Links can break for a number of reasons, such as:

An article may be archived or deleted.
A provider may leave the organization.
A department may be sunset.

In these cases, any links to that content in any other published content will result in a 404 "not found" error (and a bad experience) for your end users.

The Link checker, when set up, routinely scans for broken links and generates a report you can use to easily address each link issue.

Note: This module is not enabled by default. If you'd like to set up Link checker for your site, please contact support for assistance.

For step-by-step instructions on using Link scanner's Broken links report to fix links, please see our How-to article.

Jump to:

Setting which content is scanned
Configuring Link checker
Link checker reports
- Report field definitions
  - Edit button options

Setting which content is scanned

Please contact support for setting up Link checker and selecting content to scan for broken links.

Configuring Link checker

After Link checker is enabled, you can access it by clicking Configuration in the Toolbar; then under Content authoring, click Link checker.

Screenshot of the Configuration screen with the Link checker link highlighted.

(Back to top)

General settings

These are the overall settings for the Link checker process.

What types of links should be checked?: The links that Link checker will scan to see whether the link is broken. Options are Internal, External, or Internal and external.
- An internal link is a link that doesn't explicitly state a domain and uses the current domain by default (e.g., an absolute link like "/news/research-update" or a relative link like "/node/123")
- An external link is a link that explicitly states a domain name in the link target (e.g., "https://example.com/news/research-update")
Default URL scheme: The default URL scheme that Link checker should use to check relative (internal) links. Options are HTTP or HTTPS. In almost all cases, this should be set to HTTPS.
Base path: The default base path to insert for internal links (e.g., "www.example.com"). Leave this blank to use the base path for your site.
Search published contents only: Check this box to skip scanning for broken links on pages that are not accessible to the public.

(Back to top)

Link extraction

These settings allow for scanning links inside of special HTML tags.

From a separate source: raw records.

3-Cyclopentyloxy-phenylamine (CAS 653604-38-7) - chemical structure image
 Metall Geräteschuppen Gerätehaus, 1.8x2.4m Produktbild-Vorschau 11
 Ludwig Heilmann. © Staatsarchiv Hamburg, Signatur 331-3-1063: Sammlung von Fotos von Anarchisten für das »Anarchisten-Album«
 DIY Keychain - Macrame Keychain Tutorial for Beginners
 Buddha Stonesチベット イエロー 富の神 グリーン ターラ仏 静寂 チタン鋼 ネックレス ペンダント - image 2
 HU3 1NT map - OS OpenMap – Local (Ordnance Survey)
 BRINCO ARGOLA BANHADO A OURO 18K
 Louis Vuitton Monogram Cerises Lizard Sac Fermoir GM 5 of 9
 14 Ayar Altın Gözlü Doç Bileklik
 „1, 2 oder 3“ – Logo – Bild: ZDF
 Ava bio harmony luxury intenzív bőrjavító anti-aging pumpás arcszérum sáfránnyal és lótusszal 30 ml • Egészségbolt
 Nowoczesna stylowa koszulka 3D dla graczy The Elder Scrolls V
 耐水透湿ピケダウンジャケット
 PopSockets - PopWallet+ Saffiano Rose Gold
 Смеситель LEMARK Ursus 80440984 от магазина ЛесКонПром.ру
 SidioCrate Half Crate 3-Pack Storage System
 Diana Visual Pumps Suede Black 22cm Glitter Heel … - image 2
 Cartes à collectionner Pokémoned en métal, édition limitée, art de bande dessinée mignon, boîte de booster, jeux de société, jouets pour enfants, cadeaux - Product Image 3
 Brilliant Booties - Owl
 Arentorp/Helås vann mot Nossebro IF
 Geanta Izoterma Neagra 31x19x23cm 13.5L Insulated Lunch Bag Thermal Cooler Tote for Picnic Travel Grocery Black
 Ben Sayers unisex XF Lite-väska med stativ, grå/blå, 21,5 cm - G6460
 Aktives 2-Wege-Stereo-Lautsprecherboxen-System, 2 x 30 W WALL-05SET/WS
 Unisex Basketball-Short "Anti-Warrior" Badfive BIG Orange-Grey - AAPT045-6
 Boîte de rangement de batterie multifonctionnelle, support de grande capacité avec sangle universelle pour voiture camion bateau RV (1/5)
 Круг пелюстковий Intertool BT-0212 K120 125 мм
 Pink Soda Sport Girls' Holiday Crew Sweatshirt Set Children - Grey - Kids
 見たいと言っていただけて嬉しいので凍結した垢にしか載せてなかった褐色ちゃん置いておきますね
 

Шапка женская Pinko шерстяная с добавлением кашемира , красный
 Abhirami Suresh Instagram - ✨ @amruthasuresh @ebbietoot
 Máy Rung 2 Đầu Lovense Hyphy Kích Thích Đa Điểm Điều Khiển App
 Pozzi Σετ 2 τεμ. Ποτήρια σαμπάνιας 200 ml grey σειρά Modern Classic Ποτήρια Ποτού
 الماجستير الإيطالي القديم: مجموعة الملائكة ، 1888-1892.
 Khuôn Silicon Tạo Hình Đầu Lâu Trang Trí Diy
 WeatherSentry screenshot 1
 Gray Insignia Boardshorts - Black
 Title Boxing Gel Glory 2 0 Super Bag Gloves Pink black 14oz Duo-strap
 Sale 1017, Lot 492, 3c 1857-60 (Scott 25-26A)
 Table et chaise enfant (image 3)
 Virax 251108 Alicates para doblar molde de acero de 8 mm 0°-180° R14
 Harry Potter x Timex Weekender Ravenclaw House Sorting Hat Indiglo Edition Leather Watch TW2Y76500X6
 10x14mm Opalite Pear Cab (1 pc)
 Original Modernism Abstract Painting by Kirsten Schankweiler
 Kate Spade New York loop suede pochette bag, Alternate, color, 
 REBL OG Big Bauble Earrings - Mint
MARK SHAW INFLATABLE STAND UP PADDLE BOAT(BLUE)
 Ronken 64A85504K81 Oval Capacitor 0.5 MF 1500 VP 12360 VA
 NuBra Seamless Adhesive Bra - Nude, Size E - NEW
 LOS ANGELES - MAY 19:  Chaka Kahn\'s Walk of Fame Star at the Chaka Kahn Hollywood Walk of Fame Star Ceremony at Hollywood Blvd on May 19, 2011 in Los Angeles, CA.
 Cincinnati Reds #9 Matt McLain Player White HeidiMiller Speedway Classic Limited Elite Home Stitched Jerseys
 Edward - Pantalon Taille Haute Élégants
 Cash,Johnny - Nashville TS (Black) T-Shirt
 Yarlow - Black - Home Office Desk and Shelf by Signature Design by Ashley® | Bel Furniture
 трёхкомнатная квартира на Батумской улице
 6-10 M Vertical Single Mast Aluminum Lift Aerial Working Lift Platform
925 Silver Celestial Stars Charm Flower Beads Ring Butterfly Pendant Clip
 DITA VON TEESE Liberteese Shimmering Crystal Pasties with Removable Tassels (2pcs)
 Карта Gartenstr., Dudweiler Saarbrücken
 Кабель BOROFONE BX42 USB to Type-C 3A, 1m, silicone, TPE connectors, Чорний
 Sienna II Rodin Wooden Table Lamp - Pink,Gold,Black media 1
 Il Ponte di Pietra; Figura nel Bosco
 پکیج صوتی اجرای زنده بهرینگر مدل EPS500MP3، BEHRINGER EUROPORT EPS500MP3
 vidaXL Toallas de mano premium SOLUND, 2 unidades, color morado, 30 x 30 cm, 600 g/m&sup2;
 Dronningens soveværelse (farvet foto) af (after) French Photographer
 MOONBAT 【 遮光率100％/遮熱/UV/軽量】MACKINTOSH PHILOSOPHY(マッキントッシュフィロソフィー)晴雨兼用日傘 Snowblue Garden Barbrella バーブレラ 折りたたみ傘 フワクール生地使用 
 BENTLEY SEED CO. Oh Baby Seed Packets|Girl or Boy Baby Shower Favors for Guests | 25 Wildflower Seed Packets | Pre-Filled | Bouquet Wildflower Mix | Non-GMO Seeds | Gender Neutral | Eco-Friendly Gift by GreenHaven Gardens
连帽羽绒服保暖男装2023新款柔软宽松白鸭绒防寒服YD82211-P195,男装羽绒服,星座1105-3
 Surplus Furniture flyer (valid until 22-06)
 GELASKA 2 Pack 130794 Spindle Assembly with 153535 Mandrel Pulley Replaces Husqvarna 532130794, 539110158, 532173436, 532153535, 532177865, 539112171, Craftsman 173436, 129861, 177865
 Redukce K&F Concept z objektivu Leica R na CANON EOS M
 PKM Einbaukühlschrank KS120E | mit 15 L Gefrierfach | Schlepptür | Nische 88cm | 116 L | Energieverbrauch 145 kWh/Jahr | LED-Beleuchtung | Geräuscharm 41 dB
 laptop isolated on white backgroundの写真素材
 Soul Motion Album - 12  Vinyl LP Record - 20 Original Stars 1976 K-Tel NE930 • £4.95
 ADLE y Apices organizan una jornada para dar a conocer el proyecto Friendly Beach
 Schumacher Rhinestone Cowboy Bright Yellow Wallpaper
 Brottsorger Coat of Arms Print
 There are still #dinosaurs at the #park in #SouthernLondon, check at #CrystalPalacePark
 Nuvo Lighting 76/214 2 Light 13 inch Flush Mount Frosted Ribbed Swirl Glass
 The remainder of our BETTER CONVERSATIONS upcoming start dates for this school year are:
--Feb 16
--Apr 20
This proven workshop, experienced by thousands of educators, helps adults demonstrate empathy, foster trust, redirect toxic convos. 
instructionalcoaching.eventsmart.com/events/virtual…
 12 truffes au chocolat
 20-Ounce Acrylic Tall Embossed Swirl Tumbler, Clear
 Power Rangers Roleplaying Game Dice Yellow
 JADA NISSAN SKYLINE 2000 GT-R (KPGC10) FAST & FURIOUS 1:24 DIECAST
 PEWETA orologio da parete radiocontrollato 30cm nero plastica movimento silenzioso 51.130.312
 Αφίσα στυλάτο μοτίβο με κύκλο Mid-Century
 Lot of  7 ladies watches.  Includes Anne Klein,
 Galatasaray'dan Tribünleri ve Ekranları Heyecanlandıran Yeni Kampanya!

Extract links in <a> and <area> tags: Enable this checkbox if normal hyperlinks should be extracted. The anchor element defines a hyperlink, the named target destination for a hyperlink, or both. The area element defines a hot-spot region on an image, and associates it with a hypertext link.
Extract links in <audio> tags including their <source> and <track> tags: Enable this checkbox if links in audio tags should be extracted. The audio element is used to embed audio content.
Extract links in <embed> tags: Enable this checkbox if links in embed tags should be extracted. This is an obsolete and non-standard element that was used for embedding plugins in past and should no longer used in modern websites.
Extract links in <iframe> tags: Enable this checkbox if links in iframe tags should be extracted. The iframe element is used to embed another HTML page into a page.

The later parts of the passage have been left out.